I hope that one day I have enough revenue to repay the creator for his generosity.
Plausible Analytics
I also added Plausible Analytics to the site. It’s a privacy-friendly alternative to Google Analytics. It’s simple, fast and the 30 day trial period is more than enough to evaluate its limited features. I’m happy with it and I’ll probably upgrade to the paid plan in the future. I got a visitor from Belgium. I’m sure it was from the creator of Plunk, Dries Augustyns!
All visits from Thailand are mine. I have no idea how I got visitors from the United States. Perhaps it was a bot or Cloudflare.

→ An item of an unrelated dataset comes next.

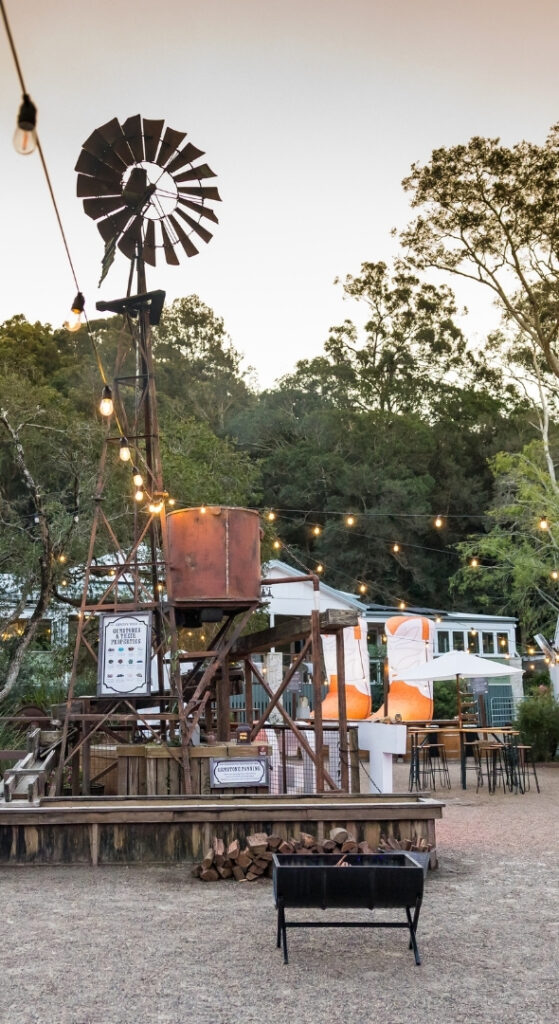 Outback Springs event venue at dusk featuring windmill, string lights and outdoor seating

Deploying with Cloudflare Pages
Cloudflare Pages is a new service that allows you to deploy static sites for free. It allows deployments via folder uploads as well as automated builds via git. I chose the latter. I was surprised how easy it was to set up.
On top of that, it is great to use a single platform to manage the needs of a static site: domain registration, DNS, CDN, SSL, deployment and much more.
Open Graph Tags
The Open Graph protocol enables any web page to become a rich object in a social graph. For instance, this is used on Facebook to allow any web page to have the same functionality as any other object on Facebook.

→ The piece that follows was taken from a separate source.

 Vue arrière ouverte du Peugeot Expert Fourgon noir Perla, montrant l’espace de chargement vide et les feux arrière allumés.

I knew that this could be achieved via meta tags, but never had the need to do it. By reading once’s source code, I was surprised how easy it was to do it.
Compiling Sass in the CLI
I have used sass/scss in the past and I briefly remember the syntax. But I had no idea how to compile it directly and what the underscore files were for. I assumed they were private files but I was wrong. They are partials and they are used to split the sass code into multiple files. This is useful to keep the code organised and to avoid having a single file with thousands of lines of code.
Finally, to compile and retain the source map of a directory with this structure:
Into assets/css/styles.css
, I just had to run the command sass --watch assets/_sass:assets/css
.
Replacing env variables in HTML files with Vite
Eventually, I found myself in need of a simple way to serve the page in development mode and production mode. In development mode it should use localhost. In production mode it should use the domain name.
Vite also supports replacing env variables in HTML files.
Any properties in import.meta.env
can be used in HTML files with a special %ENV_NAME%
syntax:
If the env doesn’t exist in import.meta.env
, e.g. %NON_EXISTENT%
, it will be ignored and not replaced, unlike
import.meta.env.NON_EXISTENT
in JS where it’s replaced as undefined.
Gandi.net high fees
Gandi.net has been overcharging me for all domains and offering me little to no value in return. I’m moving all my domains 5 to Cloudflare. Here’s an example of how much I’m saving. Renewing duty.camp would cost me 95€, worth 102 USD at the time of writing. In Cloudflare it costs 35 USD. That’s a 3x difference!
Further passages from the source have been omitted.